Anonymisation 2.0: Sharemind as a Tool for De-Identifying Personal Data - Part 2: Sharemind and anonymisation

In this two-part blog post, we are answering an often-asked question - is Sharemind anonymisation? Or is it something better? Is this comparison actually valid? Triin and Dan combine their legal and technical know-how to tell you more. If you missed the first part, you'll find it here.

Part 2: How does Sharemind work with anonymisation?

Sharemind is a platform for privacy-enhancing data analytics. Depending on its set-up and configuration, there are many ways in which Sharemind can be used to analyse de-identified information. When implemented in its maximum privacy mode, Sharemind enables anonymised processing of personal data. How does Sharemind achieve that?

Anonymous data vs anonymous processing

In part one of this blog post, we acknowledged that there are two well-known techniques to anonymisation - noise addition at the input level (anonymised database) and at the output level (anonymised query result). It is less known that in addition to anonymous databases and anonymous query results, anonymisation can also be achieved by means of anonymous processing. In that case, there is no suppression or noise needed - the underlying data remains intact and the anonymisation principle is applied at the processing level, not only to the data.

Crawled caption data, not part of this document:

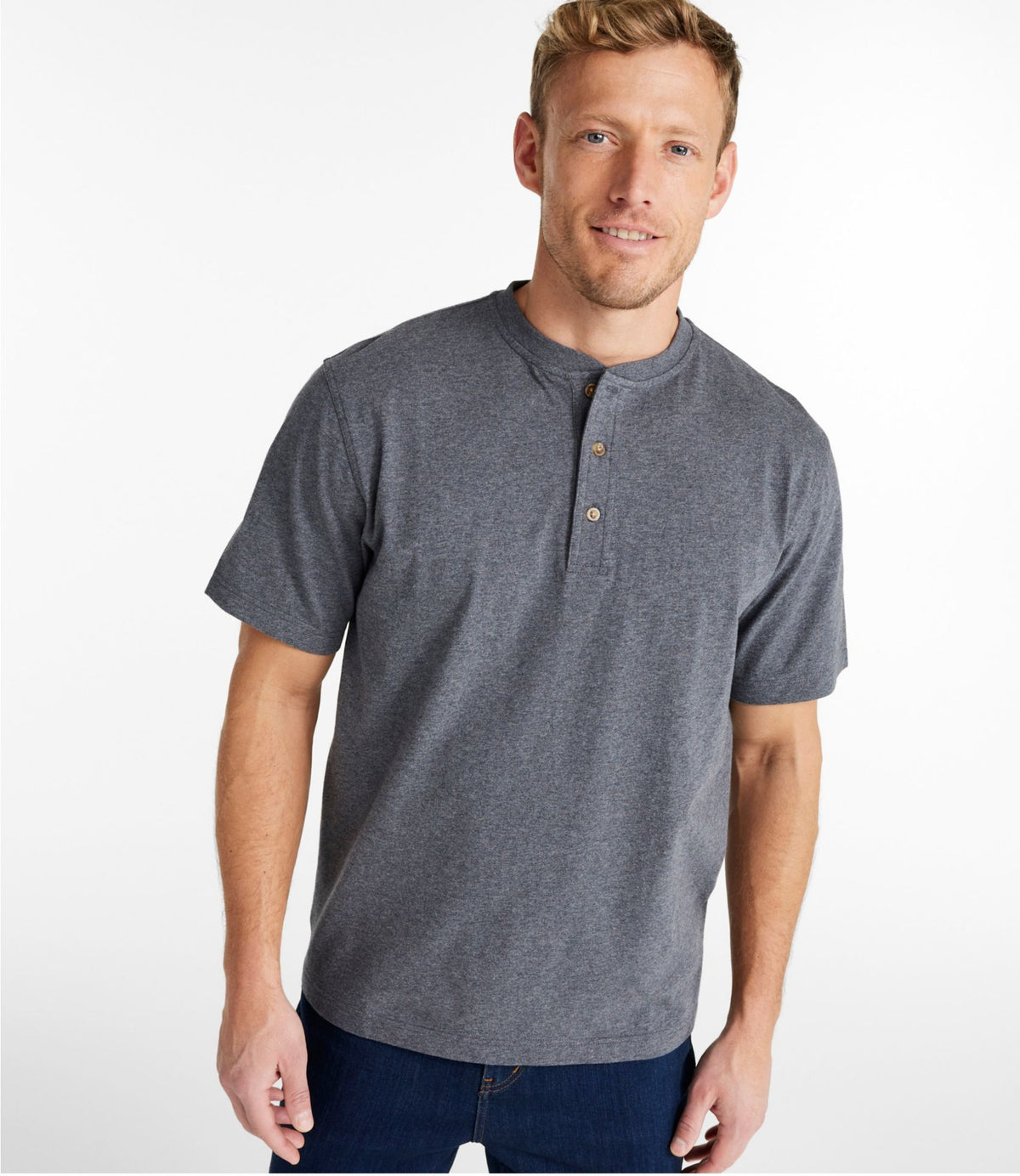 L.L.Bean Men's Carefree Unshrinkable Tee, Traditional Fit, Henley Charcoal Heather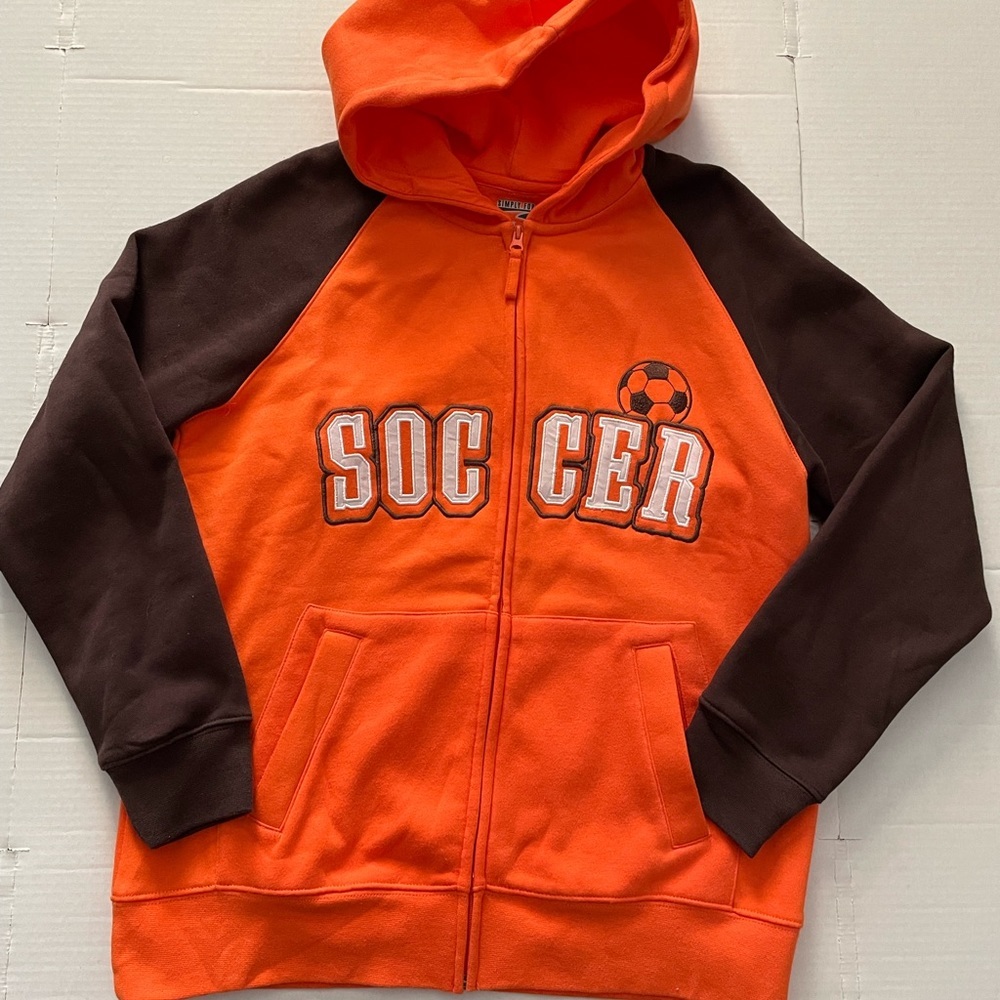 Unisex teens Soccer jacket full zip up hoodie sweater Sz L ( 14/16)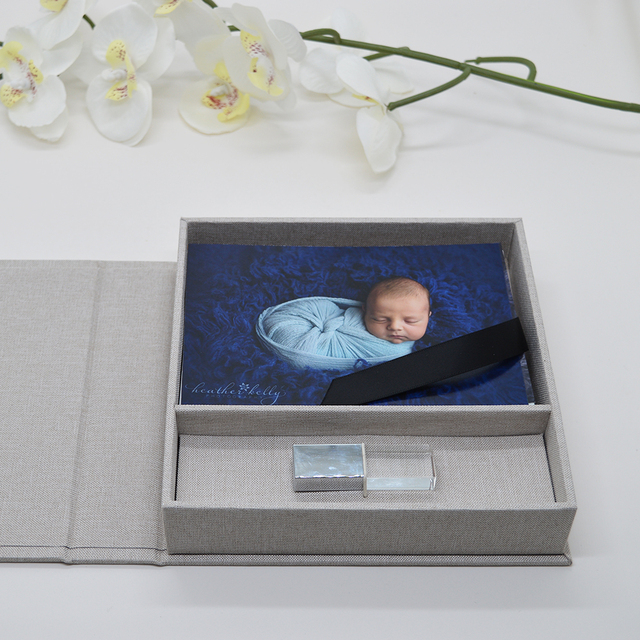 Premium Handmade Vintage Linen Photo Memory Box Custom Printed Logo USB Organizer for Family Baby Memory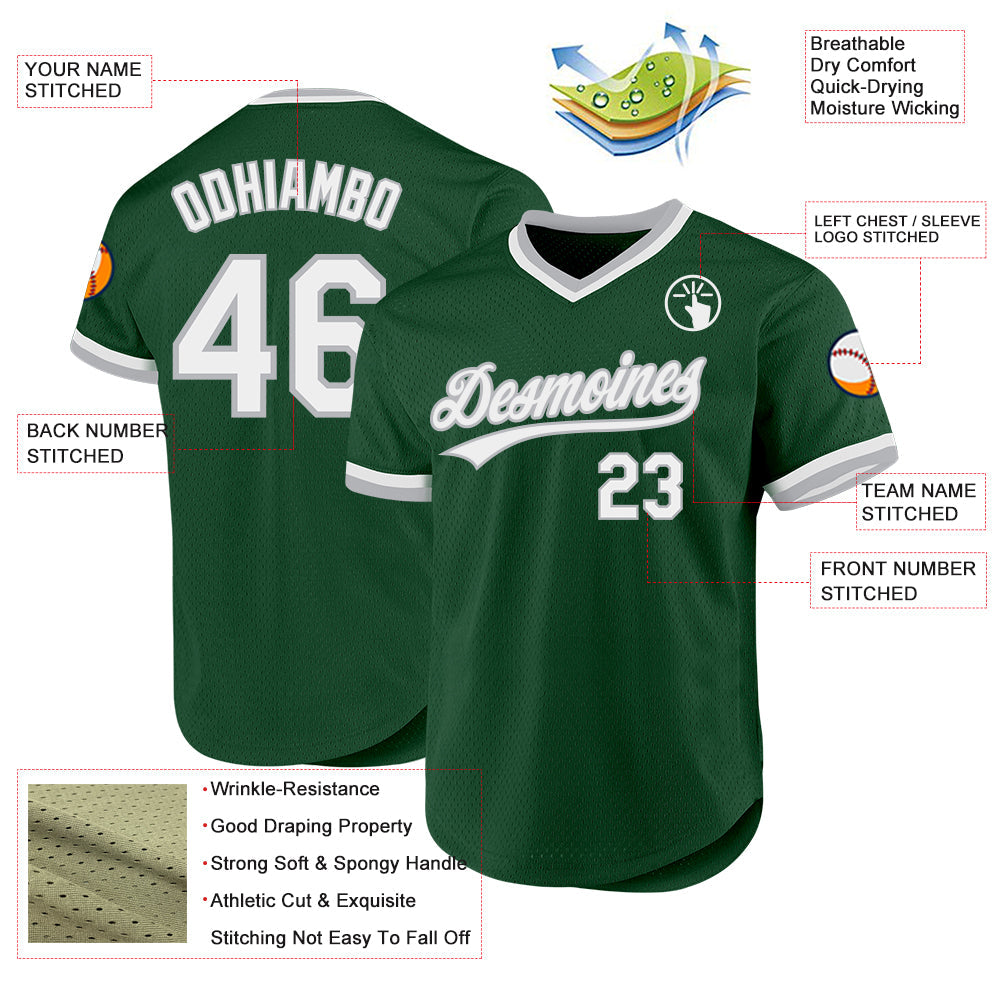 Custom Green White-Gray Authentic Throwback Baseball Jersey view 3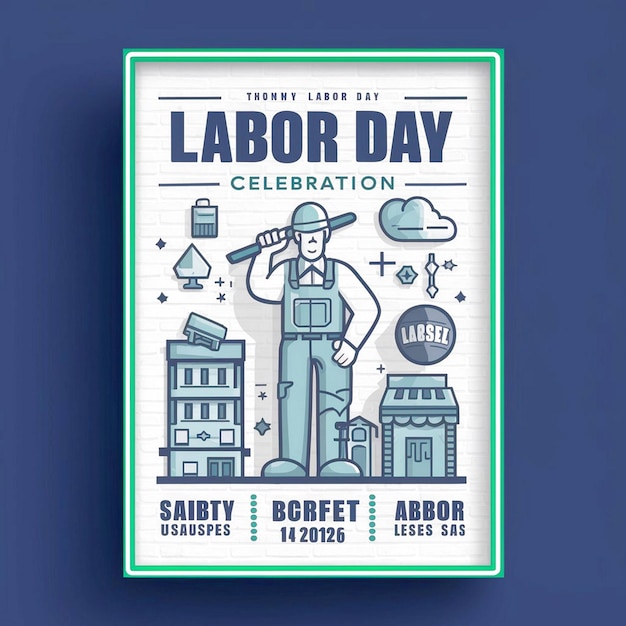 Photo labor day poster design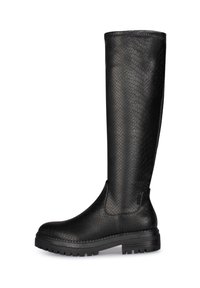 Botas negras hasta la rodilla, hechas de cuero sintético texturizado, con un patrón de reptil y una suela de goma gruesa para mayor agarre y durabilidad.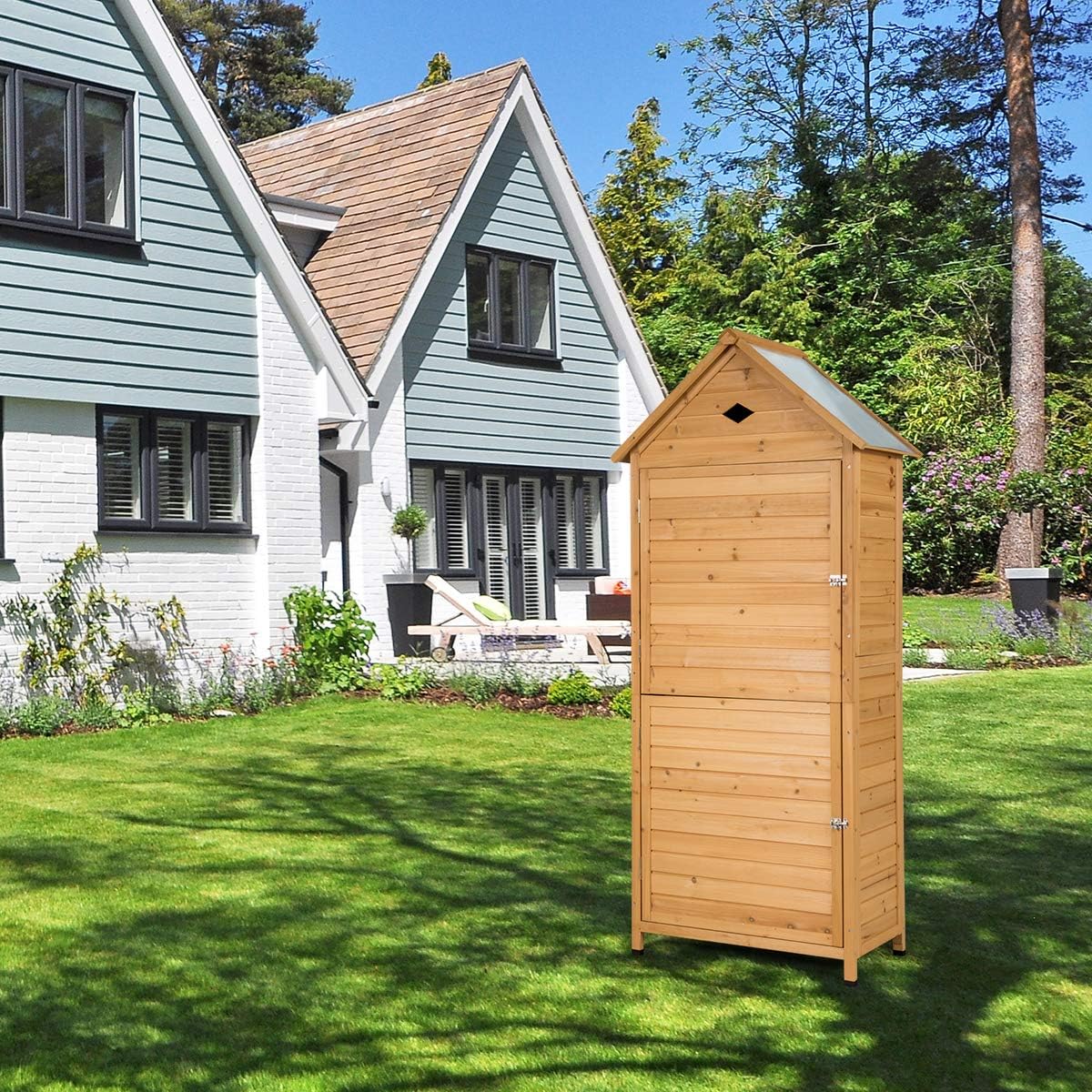 COSTWAY Caseta Jardin Exterior de Madera, Cobertizo Jardin Exterior con 5 Estantes y 2 Puertas con Cerradura, Armario para Herramientas con Techo Impermeable para Jardín Balcón Terraza (70x45x160cm)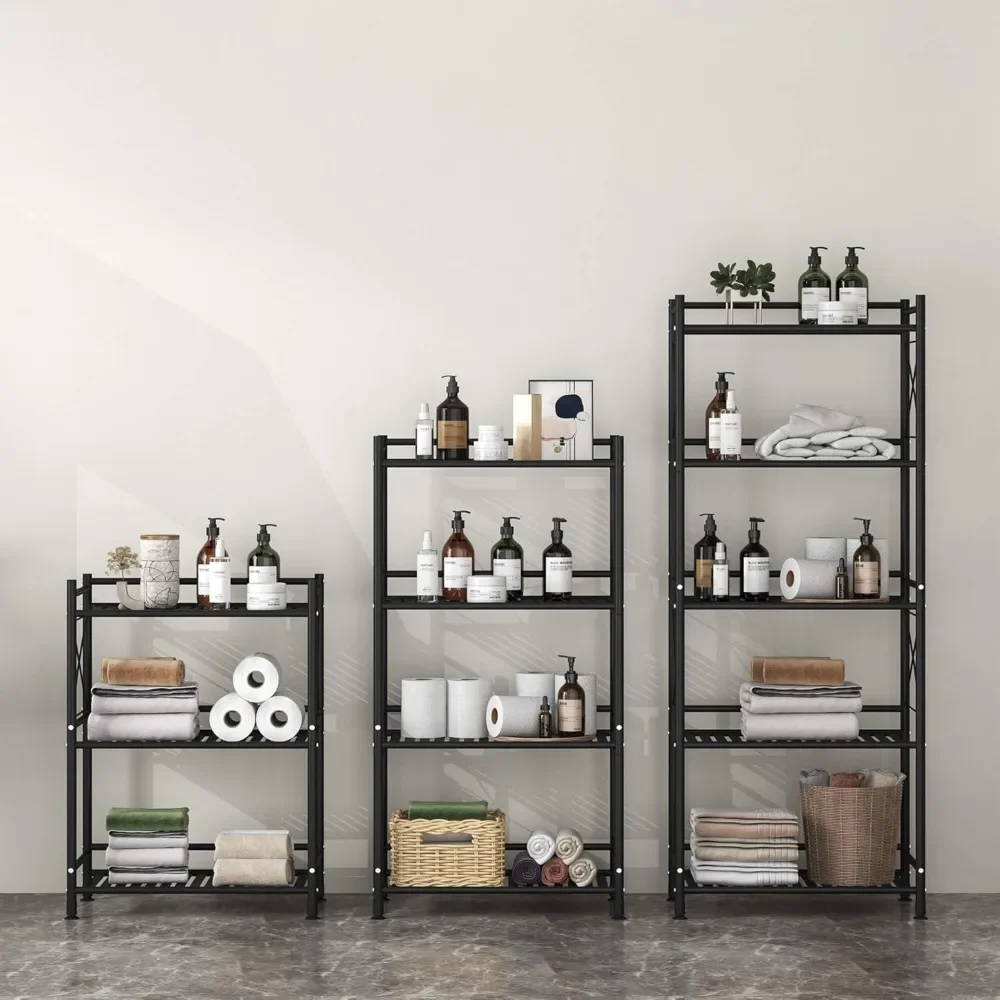 

3 Tier Shelving Unit, Freestanding Bathroom Storage Shelves, Metal Heavy Duty Storage Rack Shelf for Small Space Kitchen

There's a common technology we can use as an analogy. Secure channels on the internet provide end-to-end confidentiality and integrity. TLS (stands for Transport Layer Security) is a popular standard for such communications. When done properly, the content of the data exchanged through a secure channel can not be manipulated and data subjects cannot be identified. The sender can be sure that only the intended recipient can read the messages. However, secure communication is static - the data cannot be modified.

What if we could go a step further and also process data with end-to-end encryption?

Quick recap of Sharemind

Let's get a quick reminder of what Sharemind does.

Data owners encrypt the data and provide it to Sharemind without giving the Sharemind host access to the decryption key. This takes the reidentification capability out of the hands of the host. The unique selling point of Sharemind is the transformation of encrypted inputs into encrypted results without making the data available to Sharemind. For details on how this is done, look at the product pages.

This is true end-to-end security. From data owners to users with no middlemen seeing the values. Think of it like TLS for analytics. Or we could say that Sharemind provides PLS - Process Layer Security.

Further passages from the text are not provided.